Tiba di rumah, Valentina langsung ke kamar mandi untuk mencoba pemulas matanya. Sementara itu, Hilda membantu Justin menata belanjaan ke lemari dapur. Justin ingin memanggang daging Tomahawk itu langsung pada makan siang hari berikutnya, jadi dia menyimpannya di lemari pendingin sebelah atas, bukan di bagian pembeku. Untuk makan malam, Justin minta Hilda membuatkan pasta.
“Aku ke kamar dulu. Aku butuh menghubungi Heru,” kata Hilda.
“Kenapa harus ke kamar? Kau bisa menghubungi Heru sambil duduk di sini denganku.” Justin saat itu sudah kembali ke posisi favoritnya di depan televisi. Dia meraih remot dan mulai memilih-milih tontonan. Justin menghentikan pencarian pada pemutaran sebuah film perang.
“Ada yang perlu kuambil.”
“Ya, sudah. Lekas kembali begitu selesai.” Justin lalu menekan satu tombol dan memilih opsi PUTAR.
Hilda ke lantai atas, menghampiri lemari pakaian di kamar. Di sisi yang telah menjadi jatahnya, ada sebuah laci berkunci. Kekacauan dengan Justin mesti dibereskan segera. Hilda harus secepatnya menghubungi Heru sebelum hari menjadi terlalu malam di Indonesia.

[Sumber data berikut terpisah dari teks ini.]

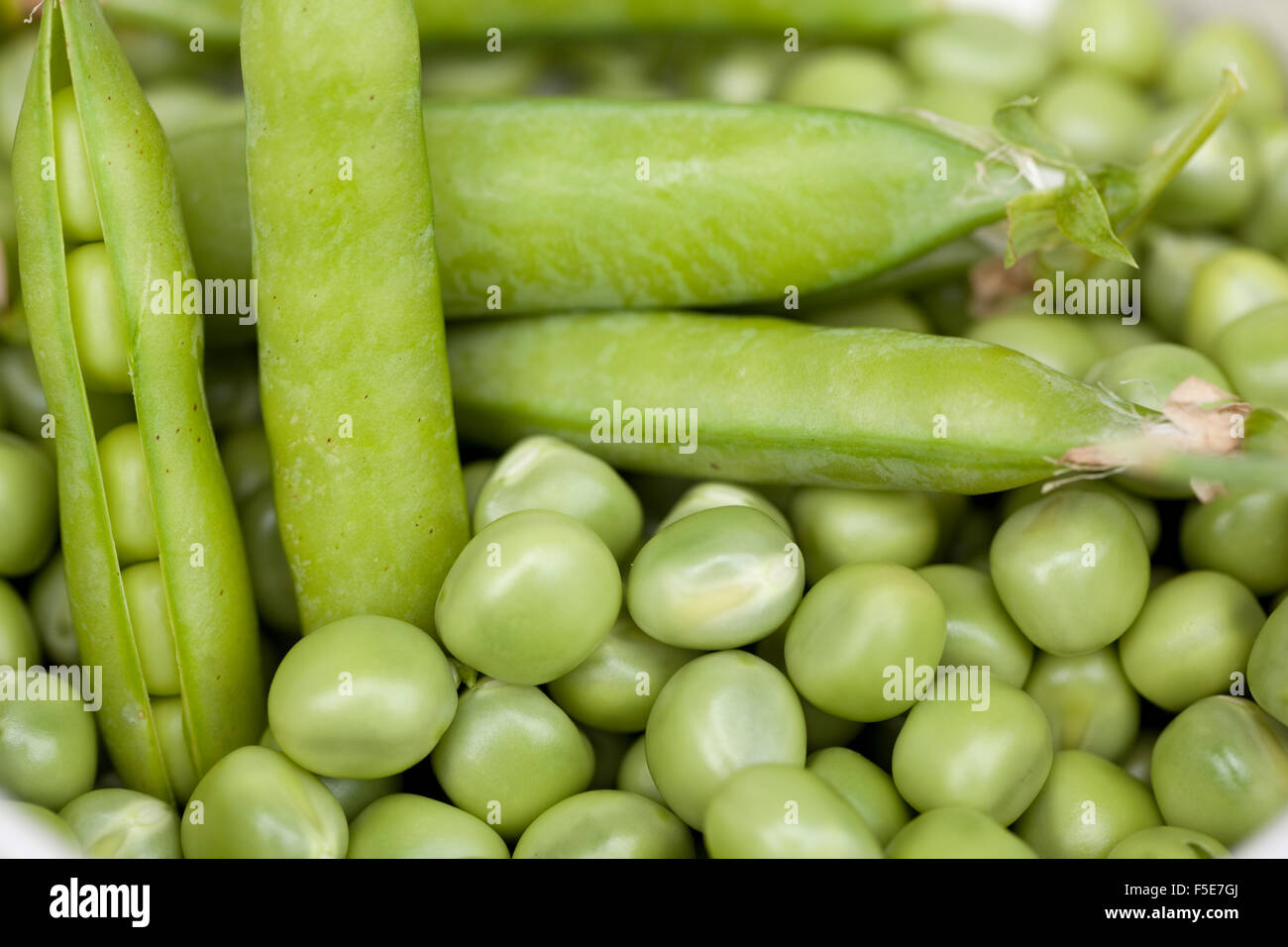 Peas in a Pod main image 1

Hilda mengeluarkan gantungan kunci dari kantong jaket sebelah kanan, kemudian membuka laci. Sebuah tas persegi empat berbahan plastik dia tarik dari situ dan bawa ke tempat tidur. Sambil melakukannya, Hilda duduk di tepi ranjang, merancang detail-detail rencana di dalam kepala.

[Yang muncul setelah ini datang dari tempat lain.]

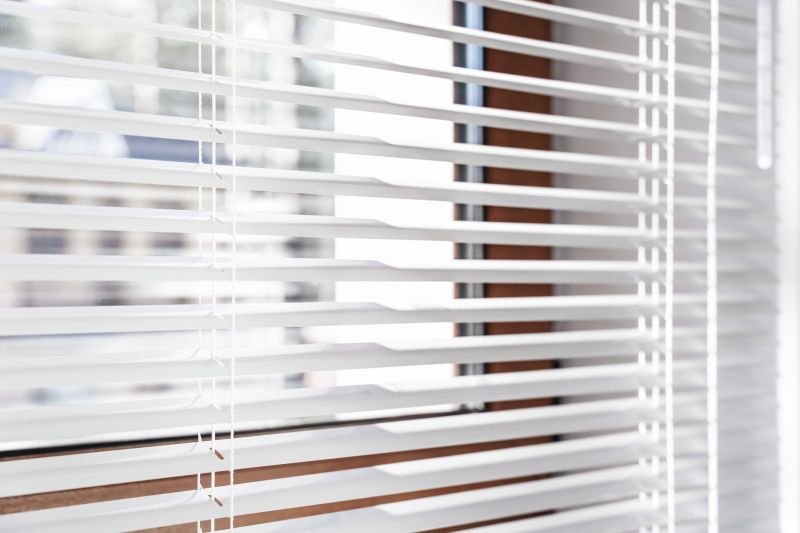 Window Blinds Installation in Denver County, CO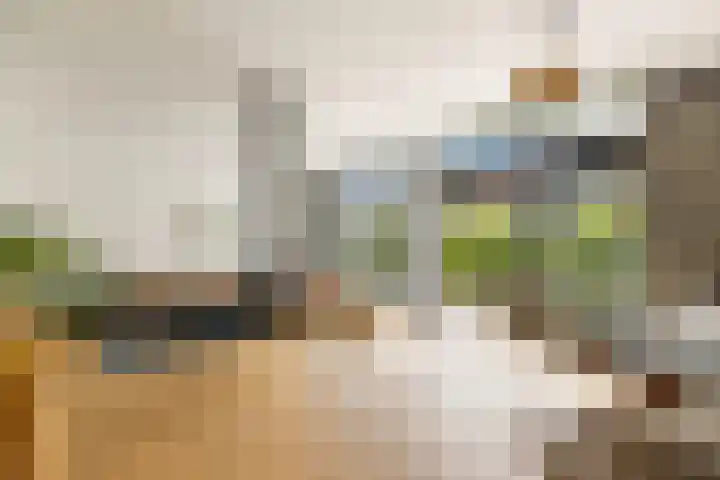 Catharinaplaatjes 1 De Meern thumbnail 12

Ternyata, saat dia membuka map, yang dia cari tak ada lagi di sana! Paspornya juga hilang!
Jantung Hilda langsung berdebar kencang. Saat itu juga, dia yakin 100%, dompetnya bukan jatuh ataupun dicopet orang.
Hilda termangu. Bagaimana sekarang?
Dengan kehilangan dompet, Hilda telah sekaligus kehilangan akses pada kemudahan membayar dan menarik uang. Padahal, dia sudah berencana membeli tiket diam-diam dan pulang ke Indonesia. Ada sesuatu yang tak beres pada laki-laki itu. Hilda tak lagi ragu.

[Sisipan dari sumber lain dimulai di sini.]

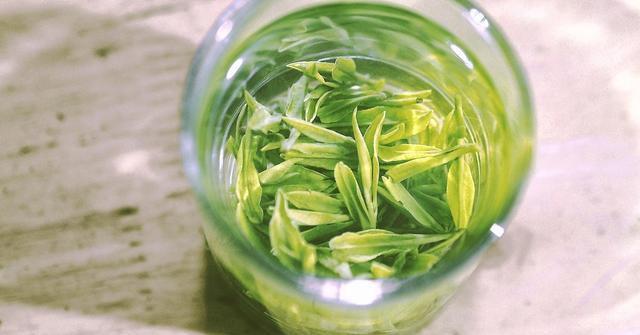 产自安徽群山深处的传统名茶——老竹大方茶你了解吗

Dana yang ada di dalam rekeningnya memang tidak cukup untuk mengongkosi tiket penerbangan internasional. Namun dia bisa meminjam kekurangannya ke beberapa orang. Yang terpenting, dia secepatnya pergi dari rumah Justin dan meninggalkan Belgia.
Tadinya, setelah dompet pemberian Heru hilang, Hilda hendak meminta Heru mengirim uang melalui layanan swasta. Hilda nanti bisa menerima uang itu dengan mengisi blangko dan menunjukkan paspor sebagai bukti identitas penerima. Meskipun dia belum tahu di mana letak layanan semacam itu, bagaimana cara ke sana, atau bahkan apakah layanan semacam itu ada di kota tersebut, tetapi paling tidak, dia punya rencana. Rencana membuatnya merasa berdaya, bertenaga.
Tanpa paspor, dia cuma hantu. Jane Doe. Perempuan asing tanpa petunjuk.
Kepada siapa dia bisa meminta bantuan? Siapa yang bisa dia percaya? Lebih tepatnya, siapa yang akan percaya kepadanya? Pasangan Leman, Simon dan Camille? Elsbeth? Baru mereka yang dia kenal. Pasangan Rasheed, pemilik toko kebab, sudah tak masuk hitungannya sedari awal.